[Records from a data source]
+-------+

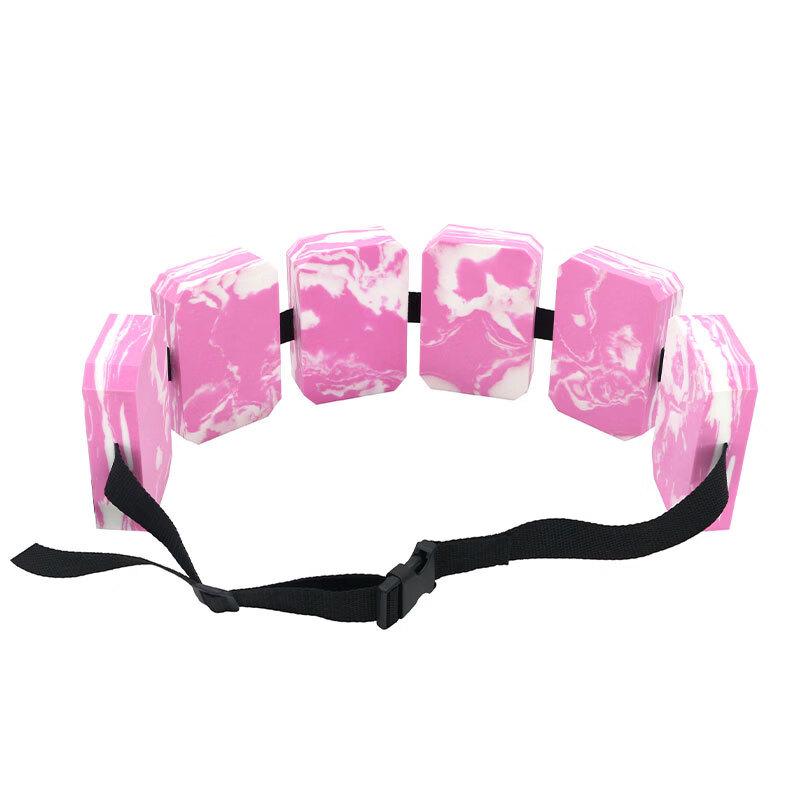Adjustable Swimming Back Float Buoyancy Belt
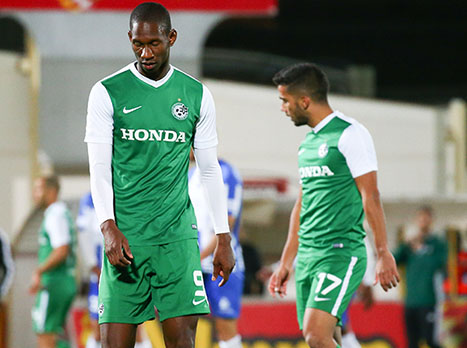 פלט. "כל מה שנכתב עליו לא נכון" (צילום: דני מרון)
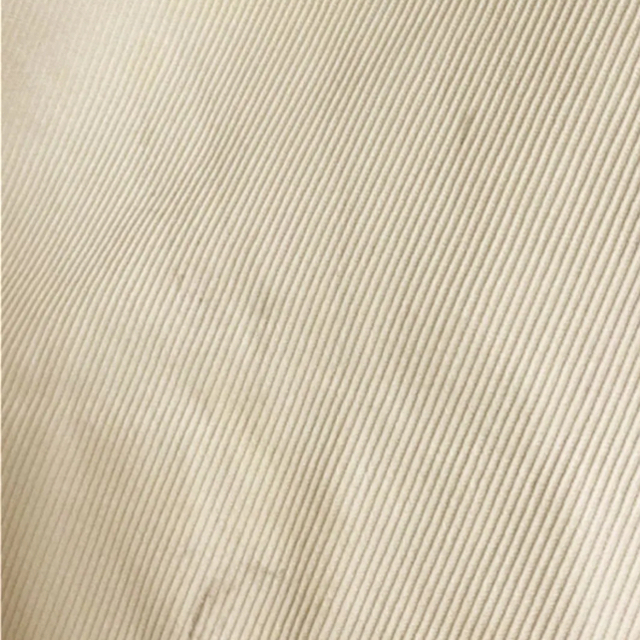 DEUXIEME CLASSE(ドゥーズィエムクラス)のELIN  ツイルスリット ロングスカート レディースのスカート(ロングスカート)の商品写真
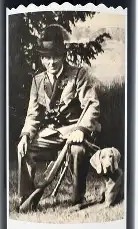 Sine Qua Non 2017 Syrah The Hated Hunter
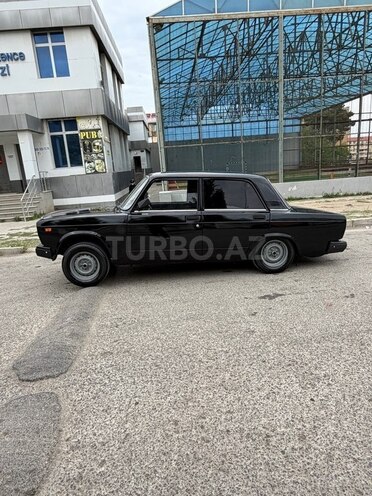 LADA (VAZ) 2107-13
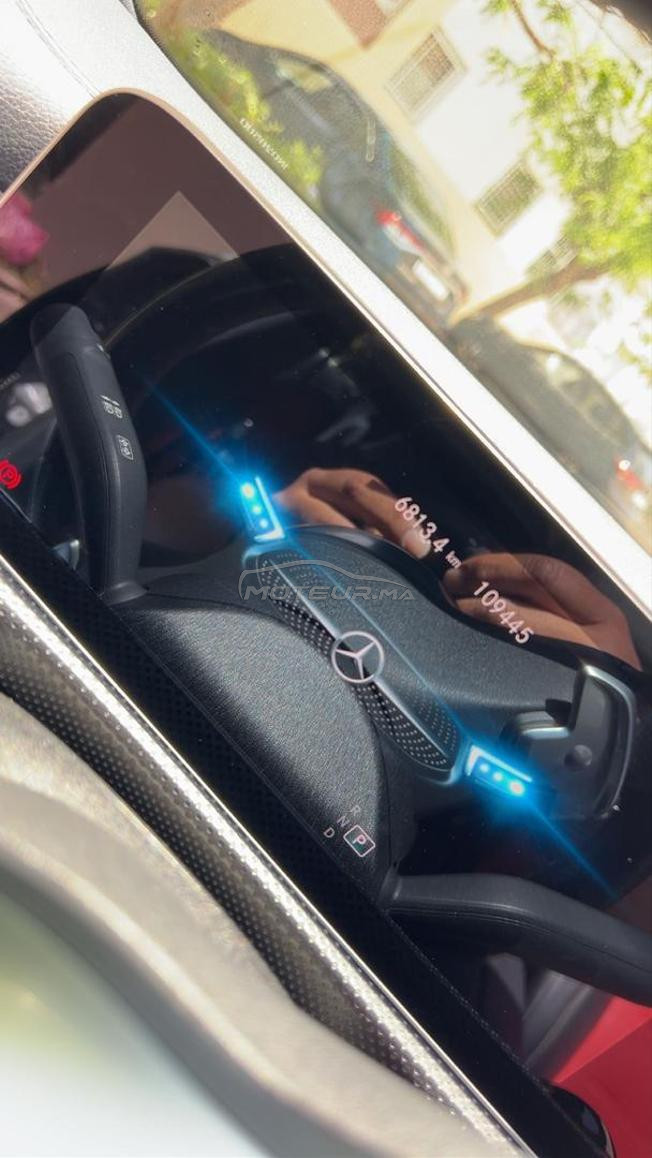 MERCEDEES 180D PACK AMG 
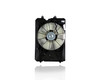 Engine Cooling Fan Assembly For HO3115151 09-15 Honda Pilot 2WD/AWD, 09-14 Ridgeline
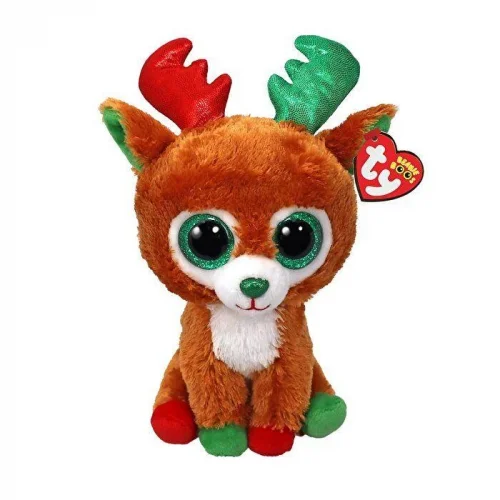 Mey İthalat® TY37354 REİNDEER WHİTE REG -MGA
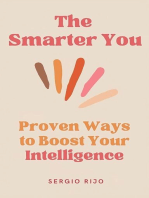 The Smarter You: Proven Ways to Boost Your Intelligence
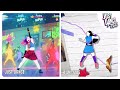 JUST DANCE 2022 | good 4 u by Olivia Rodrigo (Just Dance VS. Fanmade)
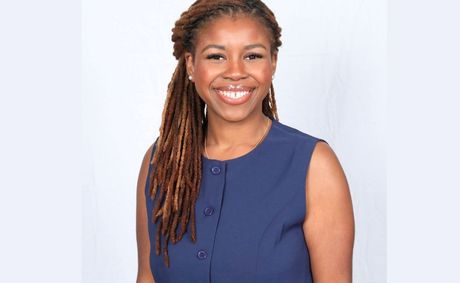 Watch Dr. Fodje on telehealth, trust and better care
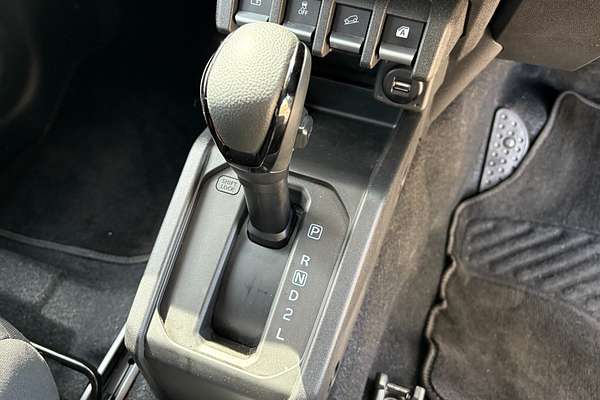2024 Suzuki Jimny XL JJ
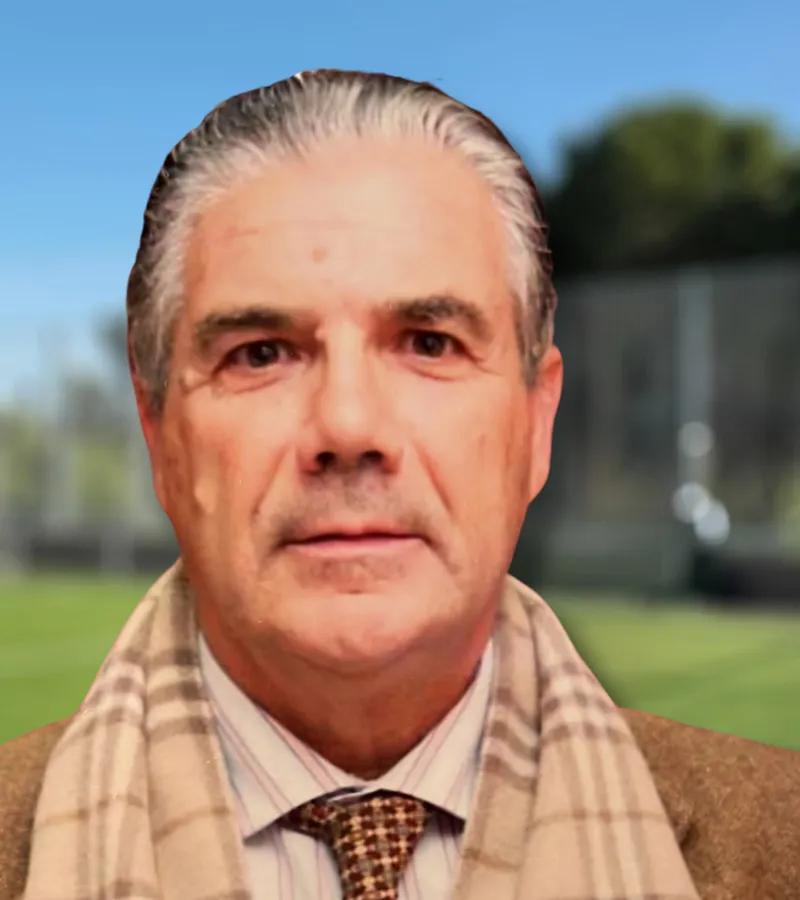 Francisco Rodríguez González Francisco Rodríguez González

+-------+

» **Task description**
Each line from the one that holds "Watch Dr. Fodje" through the final line of the data must be retyped exactly; the pictures must not appear.

» **Finished exercise**
 Watch Dr. Fodje on telehealth, trust and better care
2024 Suzuki Jimny XL JJ
 Francisco Rodríguez González Francisco Rodríguez González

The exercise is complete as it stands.